I feel lucky to have acquired several copies of his books about avian life histories from retired University of North Dakota professor of mammalogy, Dr. Robert Seabloom. Over the years I have frequently referred to these important volumes, first published in 1932 as Smithsonian Institution United States National Museum Bulletin 162.
Life Histories of North American Gallinaceous Birds is one of my favorites. This volume includes quail, grouse, prairie chicken, doves, turkeys and more. Additionally, several subspecies are treated with, as the author writes, "...as full a life history as possible..." Indeed, Mr. Bent was a tireless researcher who produced exhaustive works replete with not only his own immense knowledge of avian natural history, but, as well, backed by insights and anecdotal accounts from a host of those others observing said species; some of who recorded their observations as long as 300 years ago.

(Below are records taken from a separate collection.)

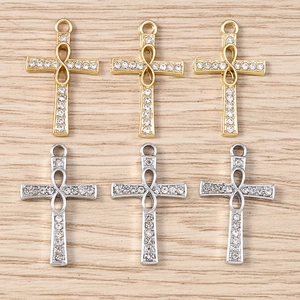 Macro detail of cross pendants with infinity symbol and zircons in gold and silver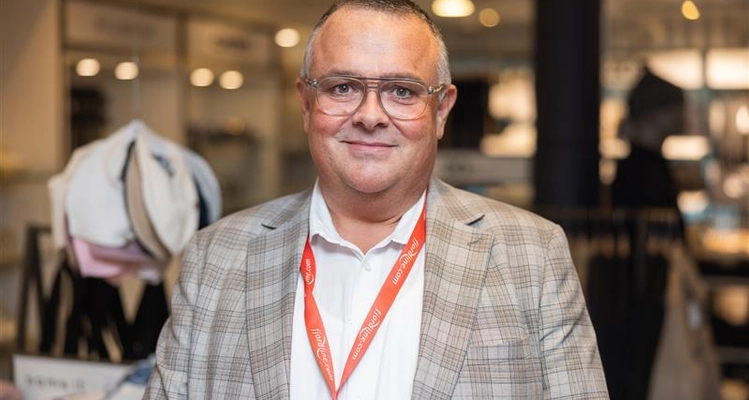 En mand med briller og nøglesnor står i en butik.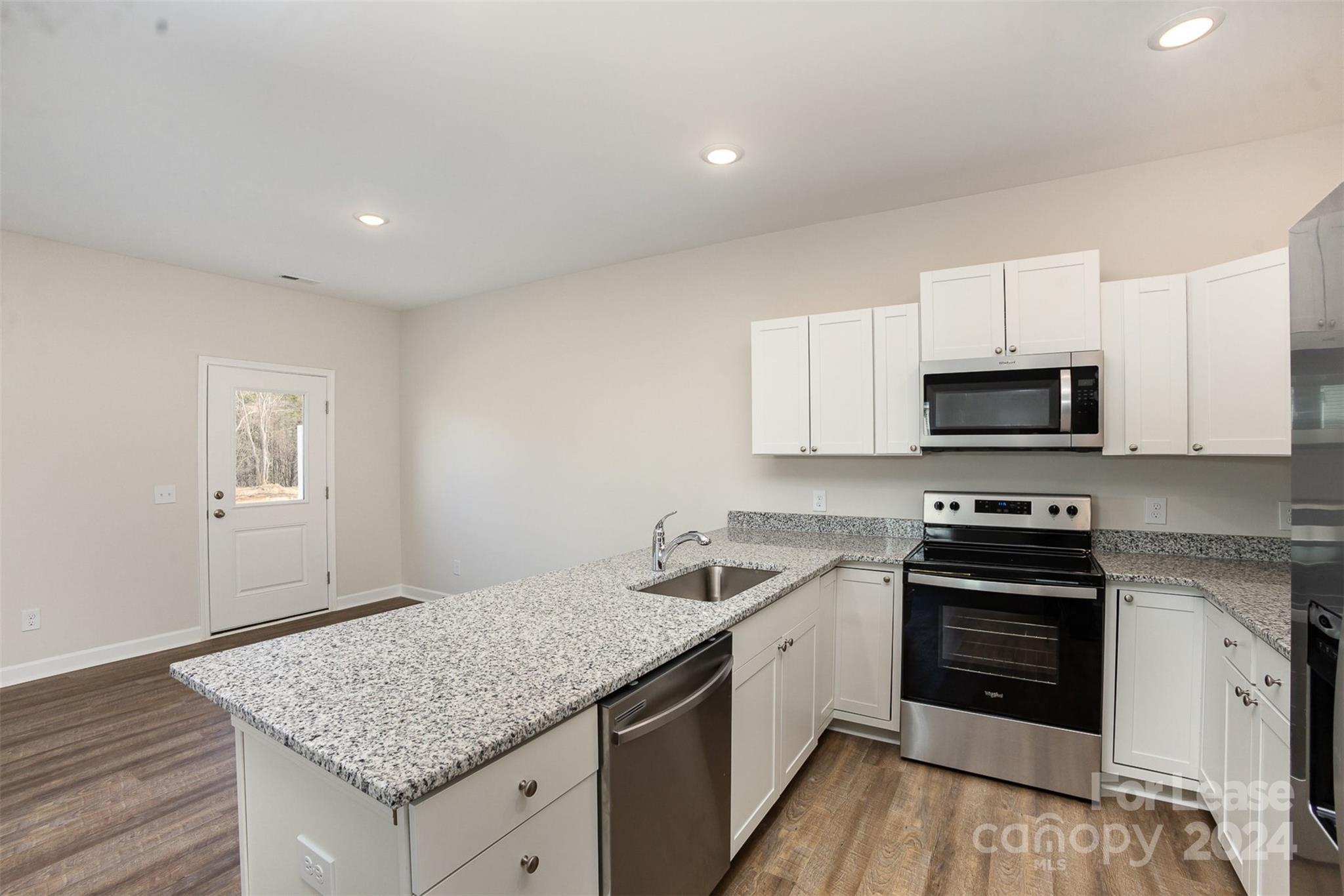 2866 Fay Jones Road Denver, NC 28037 - Photo 3 of 16 a kitchen with granite countertop white cabinets and stainless steel appliances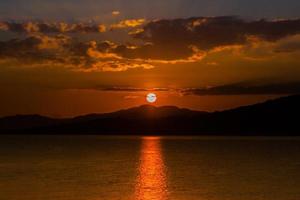 Orange sunset over mountains and water photo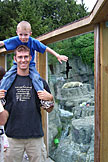 Joel rides on Dan's shoulders through the Central Park Zoo polar bear exhibit.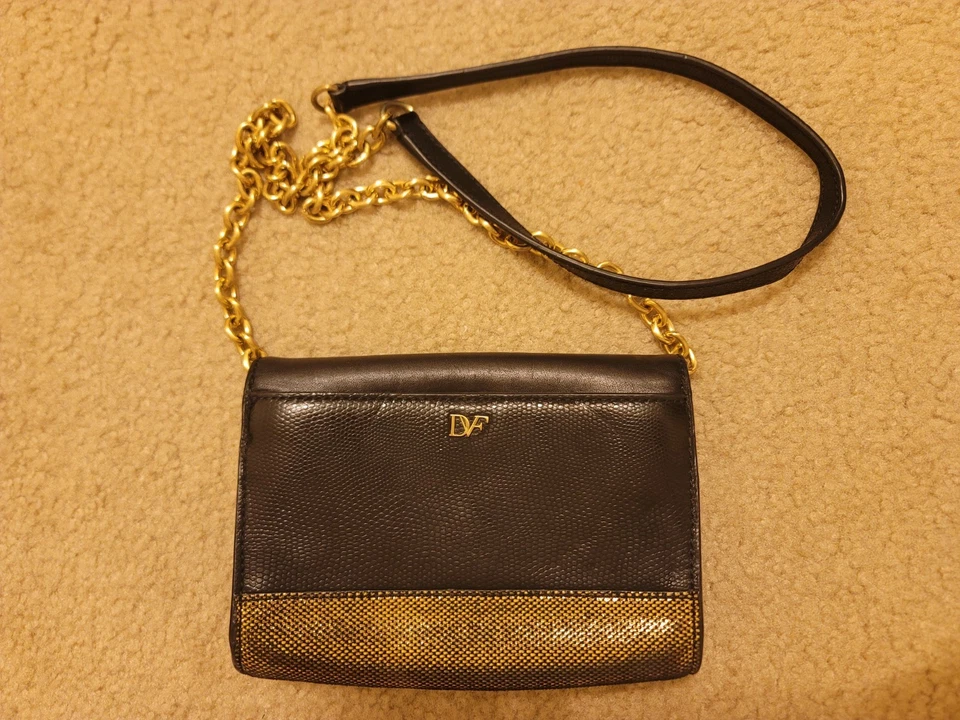 Bolso clutch de cuero Diane Von Furstenberg buen estado negro/dorado Carolina Lips Foto 4 de 4
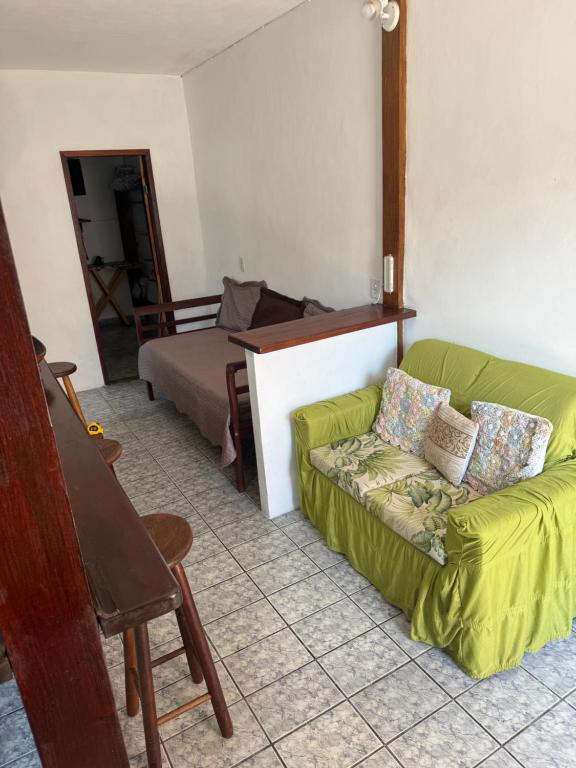 a living room with a couch and a bed at APARTAMENTO SIMPLES E ACONCHEGANTE in Paraty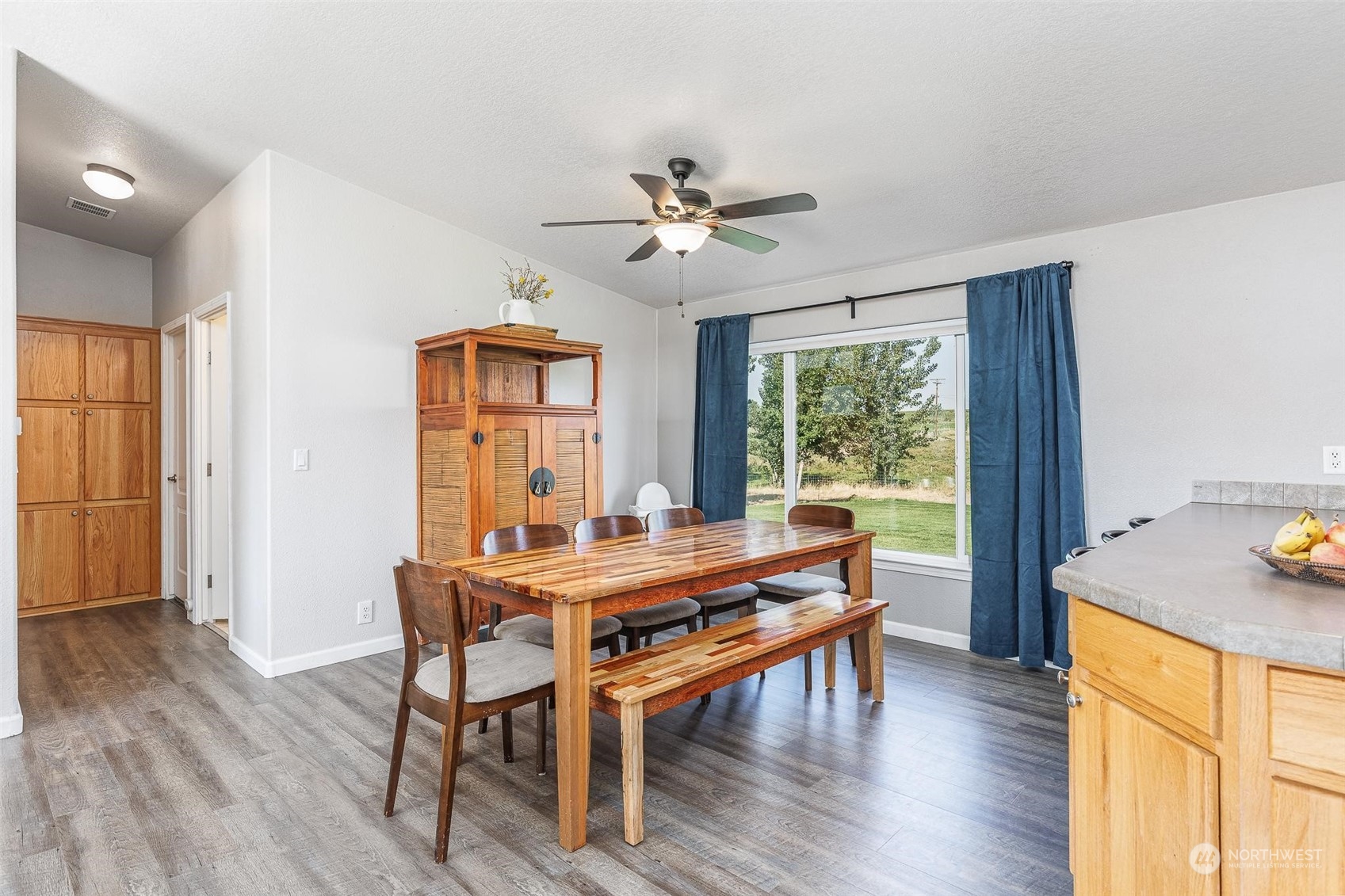 108108 West King Tull Road Prosser, WA 99350 - Photo 5 of 36 a view of a dining room with furniture window and wooden floor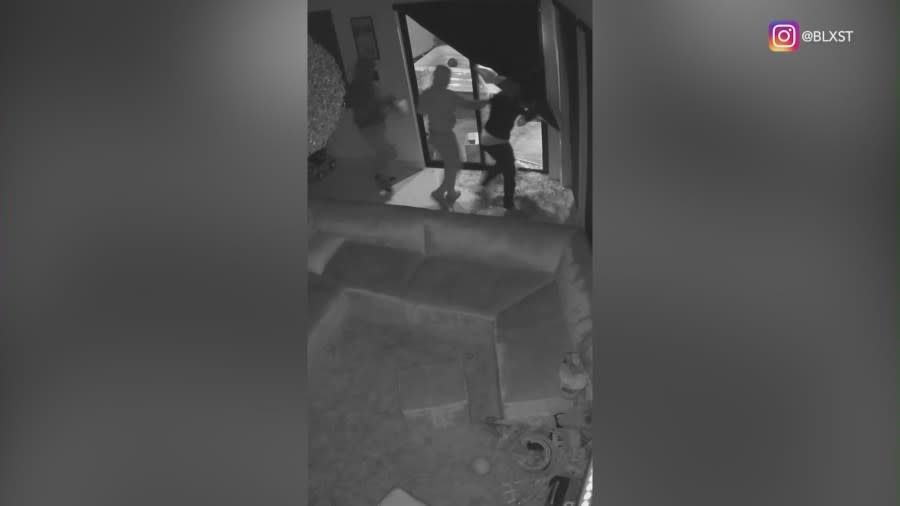 Video posted by rapper Blxst shows three suspects breaking into his Encino home. (IG/@blxst)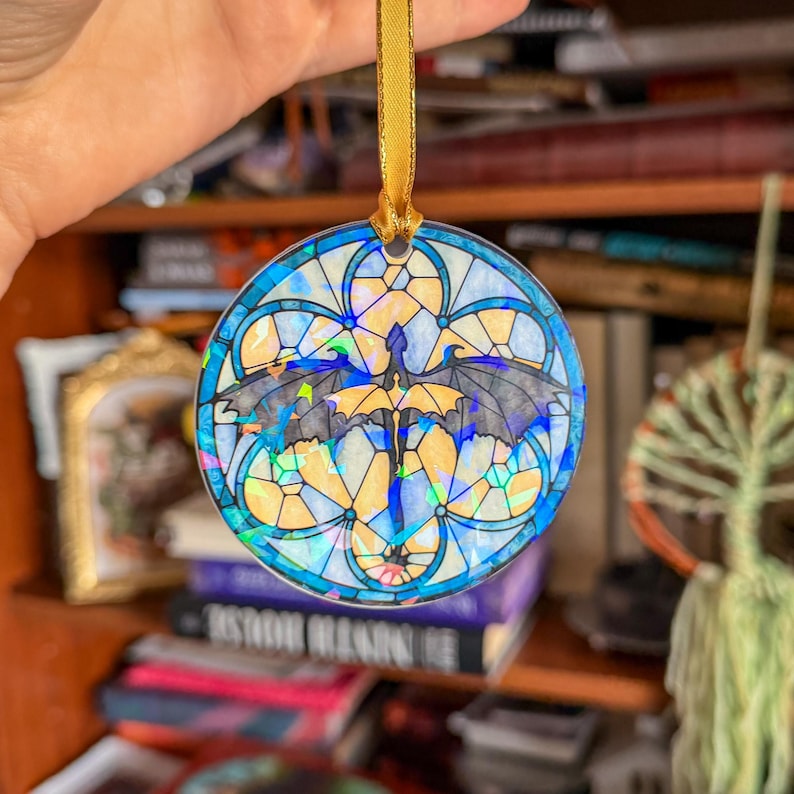 Op de afbeelding: Een rond ornament in glas-in-loodstijl met een drakenontwerp. Het heeft een gouden lint om op te hangen. De draak heeft zwarte vleugels tegen een achtergrond van geel, blauw en iriserende accenten. De diameter is ongeveer 8 cm.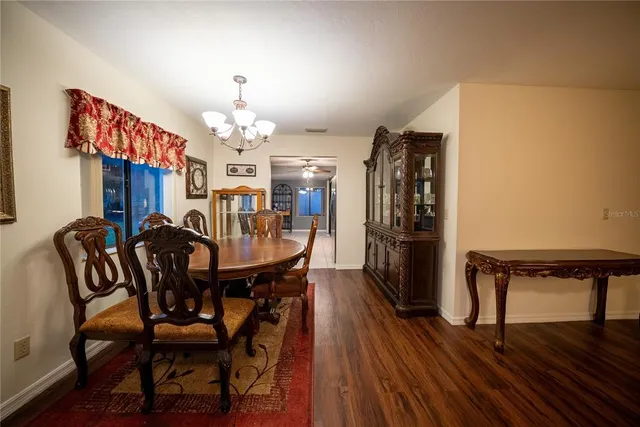 a view of a dining room with furniture and a chandelier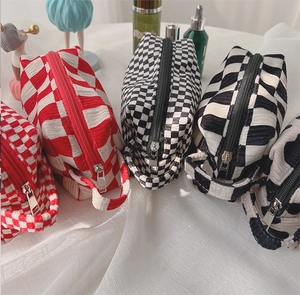 Detail of red and black checkered velvet makeup bags showing textured bubble fabric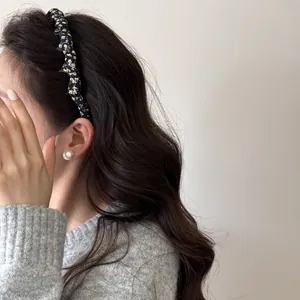 Close-up side view of a woman wearing a vintage floral fabric wrapped padded headband.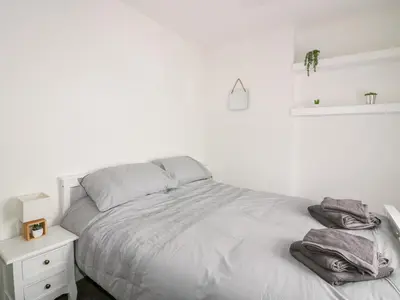a white bedroom with a bed and a night stand at Fistral Quay in Newquay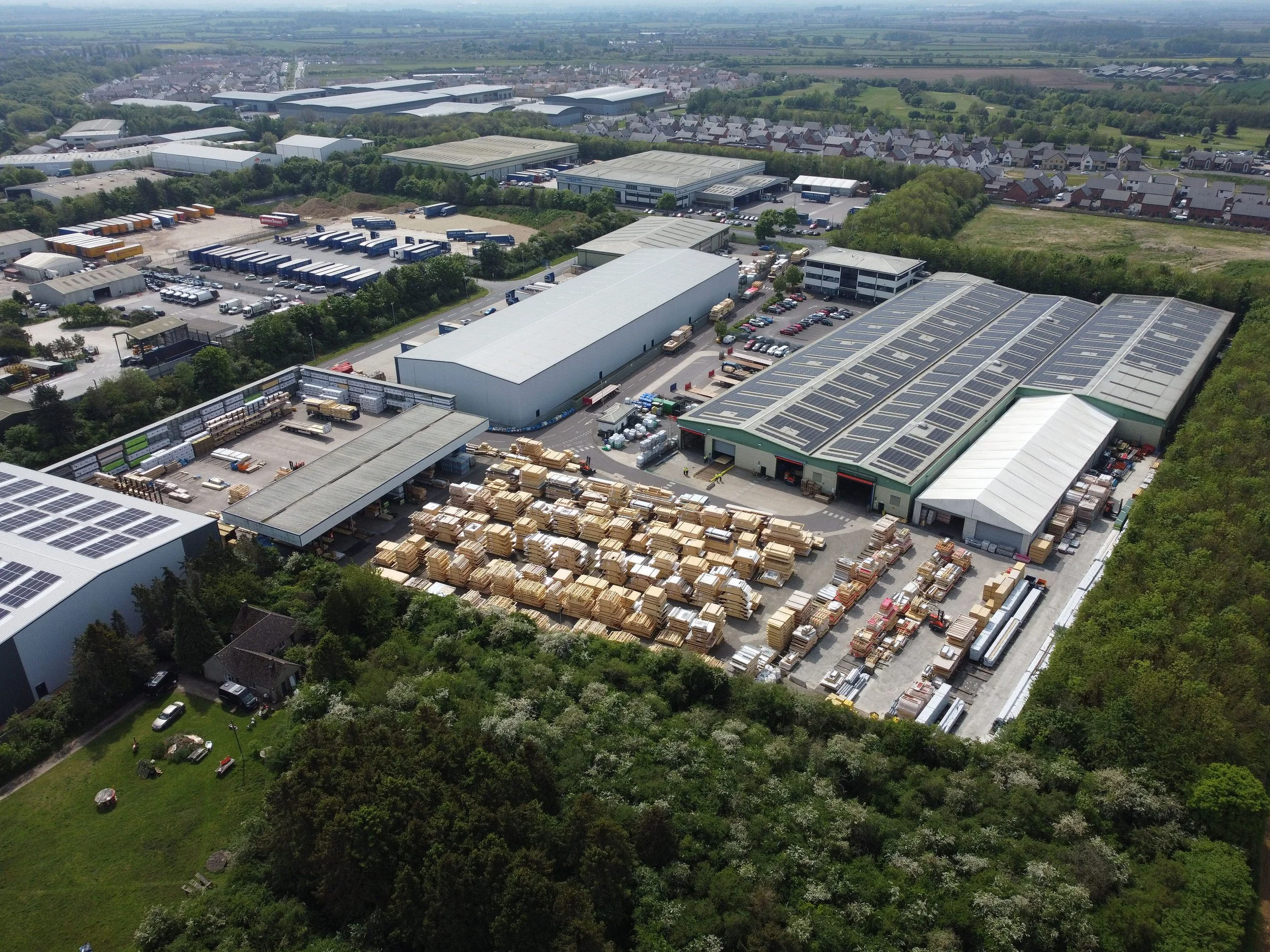 Aerial view of an industrial warehouse area with multiple buildings, solar panels on roofs, storage of wood and materials outside, surrounded by greenery and a residential neighborhood in the background.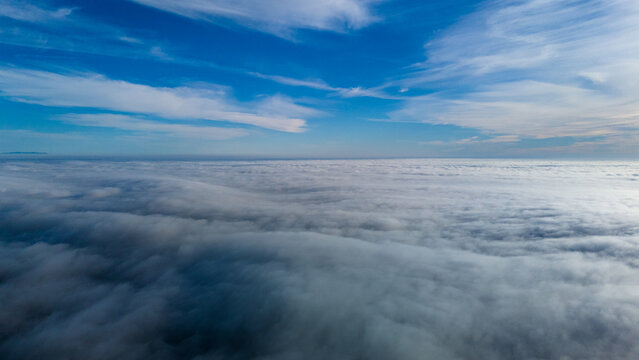 Aerial view of a sea of fluffy clouds stretching to the horizon under a bright blue sky, Malibu, California, United States.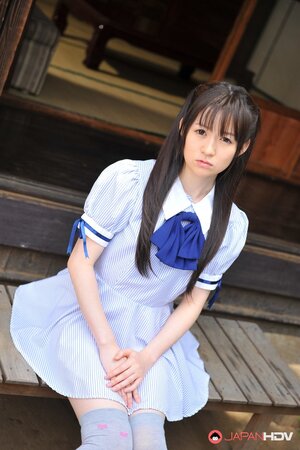 Adorable cutie from Japan performs amazing solo strip show on terrace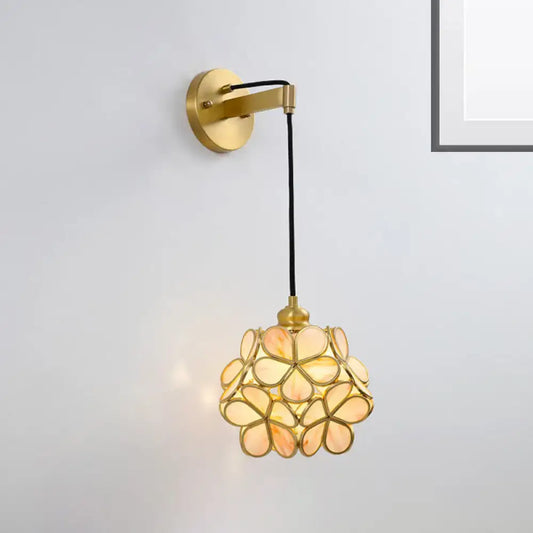 Modernist brass bulb bedside sconce with light pink clear flower-shaped glass shade in peach and amber tones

Of the eastern wild turkey, Melagris gallapavo silvestris, he begins by writing, "When the noble red man roamed and hunted unrestrained throughout the virgin forests of eastern North America, this magnificent bird, the wild turkey, another noble native of America, clad in a feathered armor of glistening bronze, also enjoyed the freedom of the forests from Maine to Ontario, southward and westward." "But," he continues, "the coming of the white man to our shores spelled the beginning of the end for both of these picturesque Americans".
Turkeys were hunted extensively when the first Europeans arrived in North America. Native Americans hunted the turkey only occasionally and used the feathers for clothing and weapon adornment. To some tribes, it was taboo to kill a turkey. But to early settlers, the turkey was an important food source.
Today, wild turkeys -- fleet of foot, powerful fliers, and exceedingly wary -- are abundant throughout many regions of North America. Toms, or gobblers as they are also called, are the males of the species and grow larger than hens. Juvenile males are called jakes. Depending on the subspecies (there are five in North America) wild turkeys can attain weights of well over 20 pounds and body lengths of up to four feet.
Wingspans range from 50 to 60 inches. The wattles on the throats of gobblers are colored brilliant red and blue. Long, hair-like tufts of feathers called beards -- also growing on hens sometimes -- are much longer on gobblers, especially older birds. Thorn-like growths called spurs, which grow on the backs of gobblers' legs, increase in length as a tom ages. The spurs are often used as weapons in defending themselves from would-be predators and in occasional skirmishes with turkey foes.
Black-tipped, iridescent body feathers give the gobbler a darker appearance than female birds. Hens' feathers are buff-tipped, giving them an overall brown appearance. This difference is important since it is the hen that incubates the eggs and cares for the young, or poults as they are named. Cryptic coloration is needed to escape the notice of mammalian and avian predators.
The well-recognized display that a tom performs -- the puffed out feathers, the fanned out tail, and the gobbling vocalizations -- serve a unique purpose. During the spring breeding season adult gobblers compete with other males for the attention of hens. Toms will establish "strutting zones" and will aggressively defend these areas from other toms. Though a true woodland bird, during the mating season these displays are performed where they can be easily seen, such as forested openings, field edges, and along trails.
Eastern wild turkeys have been released all through Minnesota over the past 25 years. From the release of only a few birds in the early 1970s, the turkey population has grown to over 30,000 birds today. Population density is highest in the southeast, but good numbers exist in the central part of the state as well.
Expansion of wild turkeys has steadily increased northward. Some of this expansion has occurred on its own and with help from DNR wildlife managers and the National Wild Turkey Federation. Turkey releases are now occurring in suitable habitat throughout northwestern Minnesota. Habitat required for turkey survival is generally mature hardwood forests interspersed with both cropland and non-agricultural openings. Acorns are a favorite food, as are other nuts, berries, seeds, crops, and insects.
Thanks to ambitious efforts to re-establish turkeys throughout their historic range and, in some cases, places they have never been, the wild turkey is abundant in Minnesota. So abundant that hunting seasons are held in both the spring and the fall. And though Bent wrote that the forests of colonial America "... disappeared before the white man's ax" [and] "his crude firearms waged warfare on the native game..." wild turkeys are a part of Minnesota's forests once again as we get out and enjoy the great outdoors.